The recondite nature of CMEs on stars contrasts with their importance, both from the perspectives of stellar physics and their impacts on planetary environments. Here we investigated numerically the coronal response during a flux-rope eruption event, under the suppressing influence of magnetic field values expected for moderately active M-dwarfs. Depending on the strength of the stellar field, we obtained a distinctive set of observational signatures of this CME-suppression process:

• 1.  
  Weakly and partially suppressed CME events lead to increases—by factors between ∼5 and more than 10—in the integrated X-ray coronal emission (0.2–2.5 keV) lasting from tens of minutes up to an hour. These brightenings resemble a normal stellar flare, but are instead powered by strong compression of the coronal material rather than by magnetic reconnection.
• 2.  
  The induced flare-like events display a rapid (<1 hr) evolution of Doppler shift signals (from red to blue), with velocities up to 200 km s⁻¹, transitioning from hotter (log(T) ≳ 6.8) to cooler (log(T) ≲ 6.0) coronal lines.
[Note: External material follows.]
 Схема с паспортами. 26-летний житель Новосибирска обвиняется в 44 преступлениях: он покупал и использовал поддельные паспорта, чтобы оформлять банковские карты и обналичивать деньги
Lower velocities (<100 km s⁻¹), and longer durations (≳1 hr), are expected for more strongly confined eruptions.
• 3.  
  Fully suppressed CME events result in a gradual brightening of the soft X-ray corona (by factors of ∼2–3) over the course of several hours. This emission is redshifted (<−50 km s⁻¹), indicative of in-falling material (designated here as a coronal rain cloud).

None of these phenomena are likely to be observable with current instrumentation, which is generally sensitive to only the most extreme CME candidates and events (Argiroffi et al. 2019; Moschou et al. 2019). While velocities revealed in our simulations—90–150 km s⁻¹ in the case of the weakly suppressed escaping CME—can in principle be discerned by Chandra (see, e.g., Argiroffi et al. 2019), the problem for observability lies in the short time over which the shifts occur and the low comparative brightness of these less extreme events. The intensity of the induced X-ray emission would be expected to rapidly decline due to its density squared dependence and expansion as the CME is accelerated outward.

However, the coronal response to all of the events simulated here could in principle be observed by more sensitive next generation X-ray missions, such as the ARCUS and Lynx concepts (see Drake et al. 2019). Requirements would be a resolving power λ/Δλ ≥ 5000 to see the relatively small Doppler shifts in the coronal vicinity, and a larger effective area than the Chandra HETG by at least an order of magnitude, in order to perform X-ray spectroscopy with the required temporal resolution.